New Zealanders, defeated by 'crazy' house prices, are tackling it at their upcoming elections

By
Tracy Withers
October 13, 2017
Prices across New Zealand have risen 34 per cent the past three years. Photo: Fairfax NZ

When Olivia Hollywood began hunting for her first house in Wellington early last year, she was optimistic that half a million New Zealand dollars would get her on the property ladder.

After eight months attending packed viewings and watching homes auctioned at vastly inflated prices, Hollywood and her partner abandoned their search. Since then, average prices in the Wellington area have gained another 13 per cent to exceed NZ$607,000 ($553,000). The couple is among thousands of Kiwis for whom home ownership is looking increasingly distant.

“It was frustrating for us because we did expect it was going to be quite easy,” said Hollywood, 24. “We decided it was just too crazy for us and we’d rather sit tight for a couple of years and save up a bit more.”

As ownership falls to the lowest since 1951, housing affordability is firing up voters ahead of New Zealand’s general election on September 23. The government is under attack for failing to respond to price surges that have forced many to ditch their property dreams.

New Labour leader Jacinda Ardern has made housing a key issue, helping restore the main opposition party in opinion polls and leaving the election too close to call.

“The government’s response has been too slow and inadequate for many because they’ve seen house prices rising very fast,” said Raymond Miller, professor of politics at Auckland University. “Some voters might well have a feeling of being let down by what they see as indifference to their plight. It’s the government’s Achilles’ heel.”

Prices across New Zealand have risen 34 per cent the past three years, fanned by record immigration, historically low interest rates and a supply shortage.
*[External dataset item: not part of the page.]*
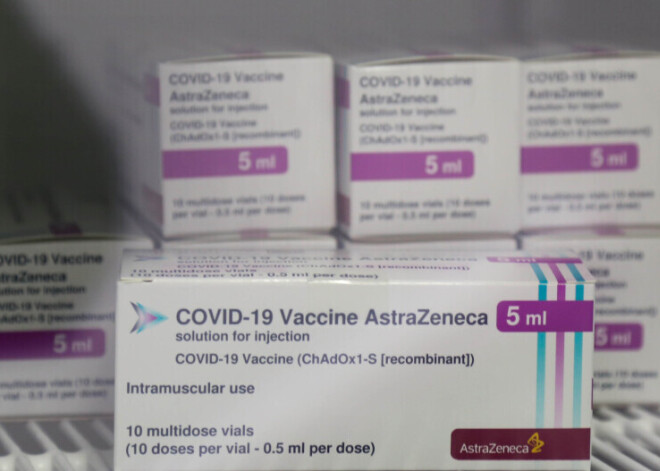 Прививка AstraZeneca в настоящее время используется только для повторной вакцинации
That’s seen the portion of owner-occupied properties slump to 63 per cent of the nation’s 1.8 million homes in the second quarter, down from a peak of 74 per cent in the early 1990s.

In response, the ruling National Party has made more land available for development and increased deposit grants to first-home buyers. But it’s done little to curb immigration that’s added 201,000 to the population the past three years, while a policy of taxing profits on investment properties sold within two years of purchase has been criticised as too mild.

More Aggressive

Labour is pledging a more aggressive solution. It’s promising to ban property sales to non-resident foreigners who it says have fanned price pressures, and will extend the period in which investors will be subject to tax to five years. It wants to curb immigration, and plans to build 100,000 homes over 10 years and sell them at affordable prices.

“We’re going to get the government back into the business of building large numbers of affordable homes for first-home buyers like governments used to in this country,” Labour’s housing spokesman Phil Twyford said in a Television New Zealand interview. “The government has had nine years and they’ve just tinkered around the edges.”

Many New Zealanders are motivated to save for a home where they can bring up a family just as their parents and grandparents did. National will be wary that disillusioned home-buyers may turn their back on the party, thwarting its efforts to win a rare fourth term.

No party has won an outright majority since the South Pacific nation introduced proportional representation in 1996. National had 44 per cent support in a poll published Aug. 17. Labour had 37 per cent but could get across the line with the additional support of ally the Green Party, which had 4 per cent, and New Zealand First, which got 10 per cent.

Prime Minister Bill English is optimistic that housing affordability issues are on the wane. Home-loan interest rates are near 50-year lows and rising household incomes make mortgage payments more manageable. House-price inflation is slowing and a report this month predicted 196,500 homes will be built in the six years through 2022.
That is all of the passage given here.